ロシア文学において、数十年間、ナチュラリズムとリアリズムが席巻すると、人々はやや倦み疲れて、感情、何か新しいイメージ、詩のイデー、隠喩を表現する新たな方法を探求し始めた。つまり、現実をそれらしく再現するのが一種の職人芸になっていたのだが、真の芸術家たちの中には、象徴(シンボル)を発明し、目に見える現実ではなく、人々の心と夢に潜むものを表そうとし始めた者がいた。これは今日ではかなり当たり前に聞こえるが、当時としては革命的なことだった。
「銀の時代」のもう一つの興味深い特徴は、多種多様な詩人を輩出したことだ。彼らは、それぞれの党派にまとまり、芸術運動のマニフェストを作り、詩的手法について話し合い、さらには「詩のキャバレー」まで催し、そこで自分たちの詩を朗読したり、文学上の「決闘」を行ったりした。

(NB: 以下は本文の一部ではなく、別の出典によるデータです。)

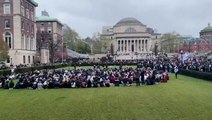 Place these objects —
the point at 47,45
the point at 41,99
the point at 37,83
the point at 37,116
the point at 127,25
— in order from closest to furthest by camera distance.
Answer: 1. the point at 37,116
2. the point at 41,99
3. the point at 37,83
4. the point at 47,45
5. the point at 127,25

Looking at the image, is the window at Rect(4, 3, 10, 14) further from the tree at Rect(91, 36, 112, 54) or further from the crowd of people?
the tree at Rect(91, 36, 112, 54)

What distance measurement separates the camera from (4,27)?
233 ft

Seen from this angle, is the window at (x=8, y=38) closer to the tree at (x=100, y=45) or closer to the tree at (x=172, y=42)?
the tree at (x=100, y=45)

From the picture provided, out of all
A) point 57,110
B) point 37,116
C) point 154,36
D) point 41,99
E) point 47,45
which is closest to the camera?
point 37,116

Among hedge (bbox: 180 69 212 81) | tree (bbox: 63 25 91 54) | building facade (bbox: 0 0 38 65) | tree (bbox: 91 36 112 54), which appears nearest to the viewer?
hedge (bbox: 180 69 212 81)

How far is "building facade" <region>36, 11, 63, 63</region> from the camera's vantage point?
90.4 m

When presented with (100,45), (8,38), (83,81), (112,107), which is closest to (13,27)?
(8,38)

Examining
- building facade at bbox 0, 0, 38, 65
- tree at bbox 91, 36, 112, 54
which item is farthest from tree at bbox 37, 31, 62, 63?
tree at bbox 91, 36, 112, 54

これらの詩人のほとんどは、過去の文学を尊重し、古代世界やその「黄金時代」のイメージ、古代詩人などと「戯れ」、その暗示、仄めかしを行間に残した。
まさにそのため、今日、「銀の時代」の詩を読み理解するのは難しい。そこでは、意味とイメージが多層構造をなしているからだ。
言うまでもなく、「銀の時代」の詩人たちは、1905年の第一次革命と1917年の革命(二月革命と十月革命)を目の当たりにした。これらの大事件は、彼らの芸術と切り離せない。詩人たちは、事件を自らの芸術的才能によってさまざまに認識、熟考、解釈したからだ。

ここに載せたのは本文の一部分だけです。